At the time this study was conceived, data from several observational and experimental studies suggested that yoga, either alone, or as part of a more comprehensive lifestyle program including dietary changes, may also promote weight loss [4, 2627, 41, 44] or attenuate weight gain [24]. All but one of the experimental studies were conducted in India among healthy adolescents or men with heart disease or hypertension and most also included a residential component at a retreat center or school. To our knowledge, only one randomized trial of yoga in breast cancer survivors (conducted in Canada) included weight as an outcome [16]. Following a 7-week yoga intervention, there was no statistically significant difference in weight change between the yoga group (n=20) and the control group (n=18) [16]. However, this study's ability to detect differences was limited by the short study duration and the small sample size. A longer, more intensive intervention may be needed to see weight loss. Behavioral treatment for weight loss is recommended to last for at least 6 months [34] and longer programs lead to greater weight loss than shorter programs [37].

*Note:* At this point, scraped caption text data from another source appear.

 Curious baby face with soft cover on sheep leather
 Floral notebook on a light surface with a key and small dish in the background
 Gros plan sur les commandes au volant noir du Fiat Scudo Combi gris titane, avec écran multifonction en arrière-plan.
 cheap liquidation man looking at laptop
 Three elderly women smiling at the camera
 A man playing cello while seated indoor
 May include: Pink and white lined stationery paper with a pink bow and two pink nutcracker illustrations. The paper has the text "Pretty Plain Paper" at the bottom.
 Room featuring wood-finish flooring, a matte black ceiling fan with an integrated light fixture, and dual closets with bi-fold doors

More information is needed about how best to conduct a study to rigorously evaluate the extent to which a longer (e.g., 6 month), intensive yoga program may ameliorate long-term breast cancer sequelae in American women. Thus, the purpose of this randomized controlled pilot trial was to generate data on a 6-month yoga intervention in breast cancer survivors in regards to: time to recruit the sample, operational aspects of delivering the yoga intervention (location, timing of classes, difficulty), acceptable yoga exercises, maximizing attendance and home practice, retention for follow-up measures, and preliminary estimates of the intervention's effects on fatigue, QOL, and weight.



Eligibility criteria included age between 21 and 75 years, completion of breast cancer treatment (Stage 0–III) at least 3 months prior (with the possible exception of ongoing hormonal therapies such as tamoxifen or aromatase inhibitors), and a body mass index (BMI) ≥ 24 kg/m2 (or ≥23 kg/m2 if of Asian descent). Exclusion criteria included a myocardial infarction or stroke in the previous 6 months, diabetes, current yoga practice, pregnancy or plans to become pregnant, and other factors that might lead to poor retention and yoga practice, which included plans to leave the study area during the follow-up period or any contraindications to practicing yoga.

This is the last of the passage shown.